What you have to do – Wherever the string "Apartment" turns up in the data, copy the whole line.

Material for the task –
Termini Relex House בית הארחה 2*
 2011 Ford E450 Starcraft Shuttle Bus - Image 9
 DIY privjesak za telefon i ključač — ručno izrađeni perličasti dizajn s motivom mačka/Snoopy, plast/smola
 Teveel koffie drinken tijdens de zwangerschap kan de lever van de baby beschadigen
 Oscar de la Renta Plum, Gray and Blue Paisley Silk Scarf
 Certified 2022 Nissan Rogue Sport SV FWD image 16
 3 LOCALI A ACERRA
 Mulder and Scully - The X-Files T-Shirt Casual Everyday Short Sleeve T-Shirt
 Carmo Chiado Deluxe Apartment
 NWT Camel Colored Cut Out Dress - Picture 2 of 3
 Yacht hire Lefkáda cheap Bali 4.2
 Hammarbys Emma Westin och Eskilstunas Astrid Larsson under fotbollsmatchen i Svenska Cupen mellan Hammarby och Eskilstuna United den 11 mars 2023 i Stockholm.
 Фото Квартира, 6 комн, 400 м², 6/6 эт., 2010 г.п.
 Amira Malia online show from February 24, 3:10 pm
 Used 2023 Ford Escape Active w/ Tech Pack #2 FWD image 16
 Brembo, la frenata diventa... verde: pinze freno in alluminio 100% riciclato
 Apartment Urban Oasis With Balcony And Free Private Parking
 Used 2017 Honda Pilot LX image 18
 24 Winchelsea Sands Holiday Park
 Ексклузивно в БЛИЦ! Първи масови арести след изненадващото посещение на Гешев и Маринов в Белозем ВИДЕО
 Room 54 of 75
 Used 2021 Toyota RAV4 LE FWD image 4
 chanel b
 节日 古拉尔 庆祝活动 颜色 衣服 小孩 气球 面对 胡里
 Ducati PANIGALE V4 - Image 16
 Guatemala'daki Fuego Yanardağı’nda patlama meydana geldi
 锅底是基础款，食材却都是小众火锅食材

Finished exercise –
 Carmo Chiado Deluxe Apartment
 Apartment Urban Oasis With Balcony And Free Private Parking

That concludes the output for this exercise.